WHAT TO WORK ON:
Before you write out the listing, remove the pictures; everything else stays exactly as it is.

╔══

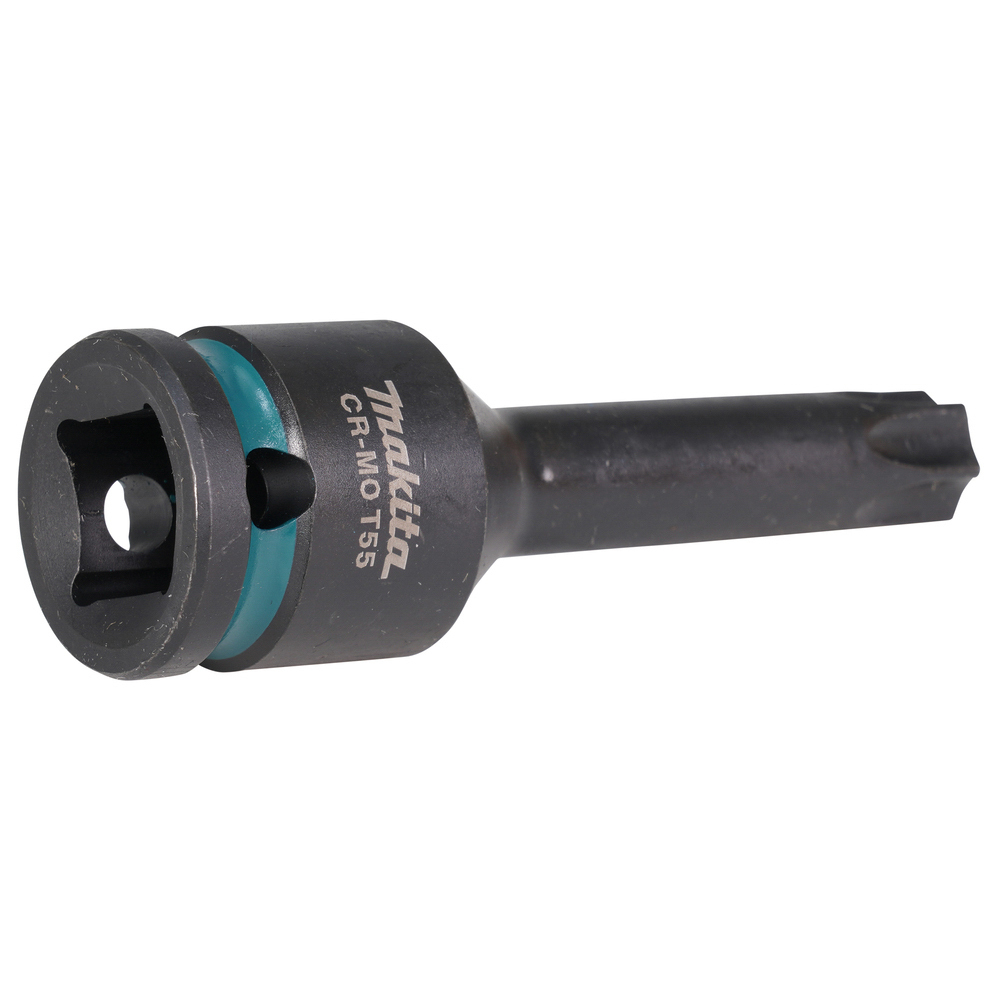 DOUILLE TOURNEVIS IMPACT BLACK 1/2 T55 MAKITA - E19847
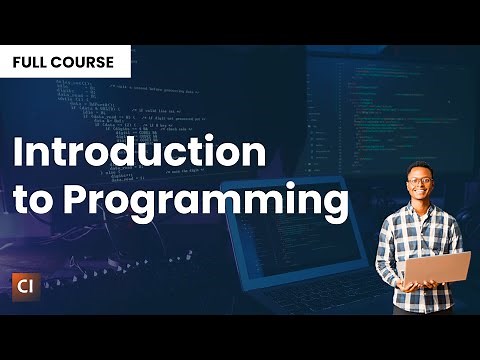 Beginners Introduction to Programming and Web Design - Full Course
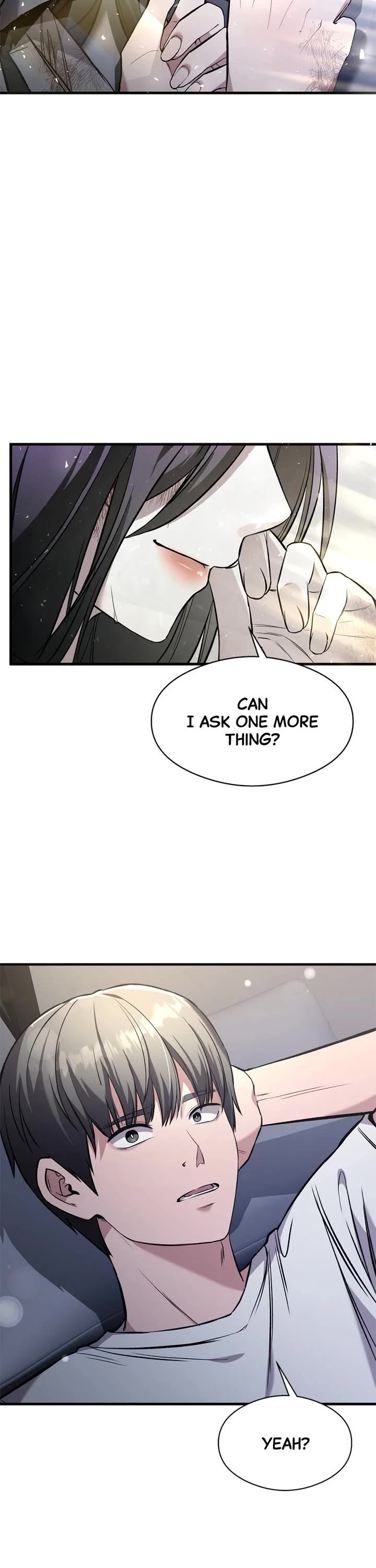 Ghost Dating Simulation Chapter 6 page 11 - Chapter 6: Episode 6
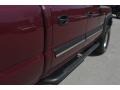 2003 Dark Carmine Red Metallic Chevrolet Silverado 2500HD LT Crew Cab 4x4  photo #10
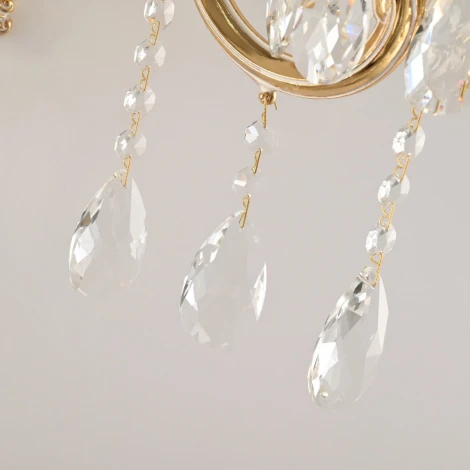 Бра Bohemia AL7801 AL7801B14/2/175 A GW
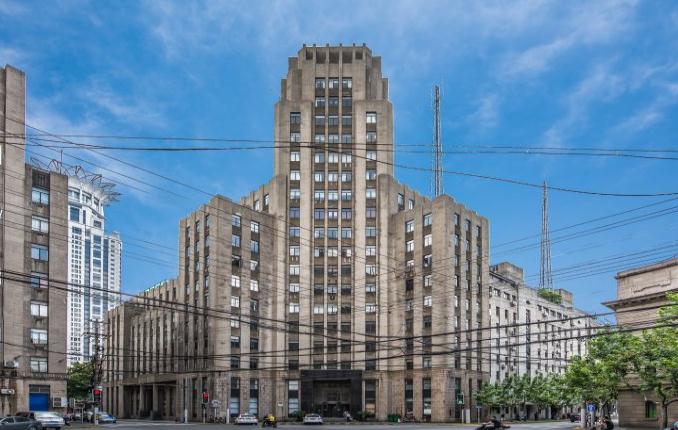 【建设大厦】写字楼租赁-上海黄浦外滩写字楼介绍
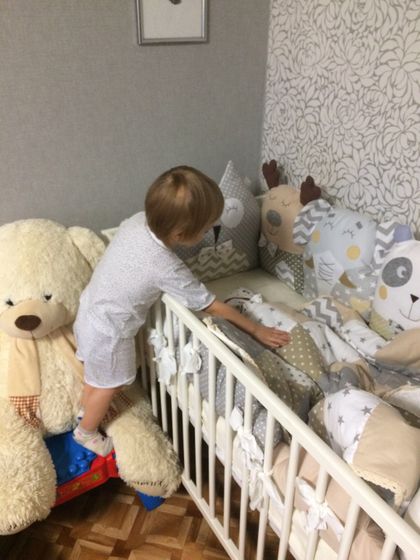 Выписка)) Мы дома)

╚══

EXPECTED ANSWER:
 DOUILLE TOURNEVIS IMPACT BLACK 1/2 T55 MAKITA - E19847
 Beginners Introduction to Programming and Web Design - Full Course
 Ghost Dating Simulation Chapter 6 page 11 - Chapter 6: Episode 6
 2003 Dark Carmine Red Metallic Chevrolet Silverado 2500HD LT Crew Cab 4x4  photo #10
 Бра Bohemia AL7801 AL7801B14/2/175 A GW
 【建设大厦】写字楼租赁-上海黄浦外滩写字楼介绍
 Выписка)) Мы дома)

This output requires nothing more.